Avete presente quei libri di storia in cui i re decidevano del vostro destino con un tratto di penna, mentre voi eravate sudditi senza voce?
Oggi i castelli si sono spostati: non sono più pietre e torri, ma uffici stampa, social network e incontri blindati nei palazzi romani.
E i nuovi sovrani siedono su scranni chiamati “poltrone istituzionali”.
Guardate i loro sorrisi smaglianti in tv: promettono rivoluzioni che non arrivano, tagli fiscali che non esistono e posti di lavoro che non fanno.
E voi pensate: “Saranno migliori di quelli di prima”.
Poi passa il tempo, cambiano i colori dei loghi e delle bandierine, ma il teatrino resta lo stesso.
Le promesse evaporano, i provvedimenti tardano o spariscono, e i responsabili?

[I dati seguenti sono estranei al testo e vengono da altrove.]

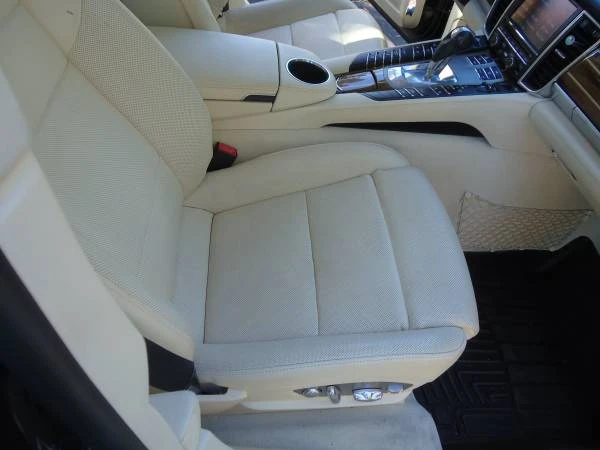 2010 Porsche 970 Panamera 4S - Image 18 of 21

Eccoli ancora lì, con lo stesso sorriso, a convincervi che il problema siete voi, che non partecipate abbastanza, che non capite le regole del gioco.
Perché i veri monarchi 2.0 non hanno bisogno di corone d’oro.
Hanno il privilegio dell’informazione filtrata, il potere di chiudere le porte alle domande scomode e di dire la loro in parlamento senza mai incontrare davvero il popolo.
Hanno spade tecnologiche: decreti automatici, algoritmi per tracciare le scelte dei cittadini, app che registrano ogni clic e ci trasformano in dati da profilare.
Tutto all’apparenza moderno, ma dentro è lo stesso schema: un’élite che decide, una moltitudine che obbedisce.
Ecco perché, nel nostro teatro democratico, non serve più un Herzog o un Luigi XIV: bastano un premier, un ministro e un gruppetto di fedelissimi a fare la voce grossa.
Quei fedelissimi che diventano consulenti, portaborse, lobbisti, nuovi baroni che difendono privilegi e rendite di posizione come un tempo difendevano i feudi.
Il loro regno non si misura in ettari di terra, ma in miliardi di budget, in contratti pubblici e in posti di potere da spartire.